Let $\{X_n\}$ and $\{Y_n\}$ be sequences of variables and suppose that $Y_n$ converges in probability to some random variable $Y$, i.e. $Y_n\xrightarrow{p}Y$. Is it true then that:
$$\lim_{n\rightarrow\infty}\mathbb{P}[|X_n-Y_n|>\epsilon]=0 \text{ implies } X_n\xrightarrow{p}Y$$
If so, how can I show this?
Best Answer
Assume that (where I conveniently replaced Y with Z) $$\begin{split}X_n-Y_n&\overset p {\rightarrow} 0\\ Y_n&\overset p {\rightarrow} Z\end{split}$$
Fix $\epsilon.$ Notice that $|X_n-Y_n|\le\frac \epsilon 2$ and $|Y_n-Z|\le\frac \epsilon 2$ implies that $|X_n-Z|\le\epsilon$, by the triangle inequality.

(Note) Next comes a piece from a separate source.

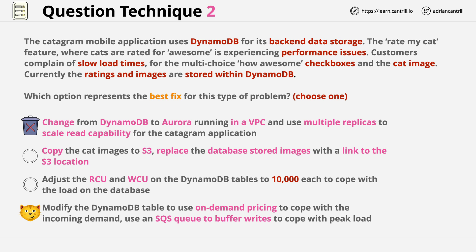My gut feel tells me this answer is better than answer 4, so unless anything changes, this is my chosen answer. Now answer 3 proposes adjusting the RCU and WCU on the table to 10,000 each. The question mentions a rating system with checkboxes and slow load times, which suggests reads. The answer says increase RCU — which is reads — and increase WCU — which is writes. I'm already doubting this as the answer, because it's not ideal to increase both reads and writes when you only have read-based performance issues.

Reversing the logic, this means that $|X_n-Z|>\epsilon$ implies that $|X_n-Y_n|>\frac \epsilon 2$ (inclusive) or $|Y_n-Z|>\frac \epsilon 2$. In particular, if an event implies that at least one of two other events has occurred, this means that $A\subset B\cup C$, i.e. $P(A)\le P(B\cup C)$.
Now
$$\begin{split}P(|X_n-Z|>\epsilon)&\le P(|X_n-Y_n|>\frac \epsilon 2\cup|Y_n-Z|>\frac \epsilon 2)\text { what we just said}\\ &\le P(|X_n-Y_n|>\frac \epsilon 2)+P(|Y_n-Z|> \frac \epsilon 2)\text { definition of union} \end{split}$$
Take the limit to get $lim_{n\rightarrow\infty}P(|X_n-Z|>\epsilon)\le0$. Since probabilities are positive, it is 0.